Every line below that holds the string "Machine" should be copied.

### Supplied material
★ ★ ★ ★ ★ ★ ★

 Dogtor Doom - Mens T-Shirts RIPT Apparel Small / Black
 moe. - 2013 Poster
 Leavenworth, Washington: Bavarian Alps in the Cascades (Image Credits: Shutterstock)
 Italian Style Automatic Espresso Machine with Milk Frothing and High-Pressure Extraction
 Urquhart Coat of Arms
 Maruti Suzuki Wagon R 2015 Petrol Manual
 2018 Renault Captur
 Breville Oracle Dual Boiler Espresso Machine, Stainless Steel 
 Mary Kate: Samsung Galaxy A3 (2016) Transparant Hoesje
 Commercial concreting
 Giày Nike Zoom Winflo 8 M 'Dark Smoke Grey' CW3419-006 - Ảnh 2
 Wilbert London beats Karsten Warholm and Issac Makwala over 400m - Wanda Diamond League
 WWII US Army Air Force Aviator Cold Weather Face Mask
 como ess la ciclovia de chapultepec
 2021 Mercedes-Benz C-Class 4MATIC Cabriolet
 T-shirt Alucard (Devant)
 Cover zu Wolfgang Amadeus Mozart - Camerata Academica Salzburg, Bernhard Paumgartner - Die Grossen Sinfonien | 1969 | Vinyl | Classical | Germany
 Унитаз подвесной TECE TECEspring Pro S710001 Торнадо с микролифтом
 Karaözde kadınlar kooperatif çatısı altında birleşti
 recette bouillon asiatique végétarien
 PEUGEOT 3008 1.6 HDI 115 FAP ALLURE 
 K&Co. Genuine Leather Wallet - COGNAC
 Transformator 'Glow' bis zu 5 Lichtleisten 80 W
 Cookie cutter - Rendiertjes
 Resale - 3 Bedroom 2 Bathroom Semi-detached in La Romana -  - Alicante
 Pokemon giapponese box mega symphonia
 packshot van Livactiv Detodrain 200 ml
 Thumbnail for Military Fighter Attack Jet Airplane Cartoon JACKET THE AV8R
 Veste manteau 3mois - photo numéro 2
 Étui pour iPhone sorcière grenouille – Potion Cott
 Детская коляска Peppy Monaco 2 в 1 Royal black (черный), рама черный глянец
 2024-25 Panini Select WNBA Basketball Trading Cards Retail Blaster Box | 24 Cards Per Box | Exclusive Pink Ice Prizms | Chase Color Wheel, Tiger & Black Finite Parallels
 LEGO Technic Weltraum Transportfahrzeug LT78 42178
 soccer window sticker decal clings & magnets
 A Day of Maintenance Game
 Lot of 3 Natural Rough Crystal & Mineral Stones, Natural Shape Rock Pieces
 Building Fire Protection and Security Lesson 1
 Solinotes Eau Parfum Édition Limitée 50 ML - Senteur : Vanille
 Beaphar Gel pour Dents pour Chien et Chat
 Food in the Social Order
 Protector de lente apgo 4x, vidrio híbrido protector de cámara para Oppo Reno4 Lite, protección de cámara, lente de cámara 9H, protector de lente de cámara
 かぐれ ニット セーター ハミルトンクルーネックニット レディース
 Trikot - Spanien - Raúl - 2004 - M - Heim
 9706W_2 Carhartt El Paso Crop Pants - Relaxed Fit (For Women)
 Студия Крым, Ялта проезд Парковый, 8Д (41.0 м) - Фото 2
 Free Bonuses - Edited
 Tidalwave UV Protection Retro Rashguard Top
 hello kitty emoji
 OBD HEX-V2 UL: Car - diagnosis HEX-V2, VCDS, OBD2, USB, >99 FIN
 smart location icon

★ ★ ★ ★ ★ ★ ★

### Written solution
 Italian Style Automatic Espresso Machine with Milk Frothing and High-Pressure Extraction
 Breville Oracle Dual Boiler Espresso Machine, Stainless Steel 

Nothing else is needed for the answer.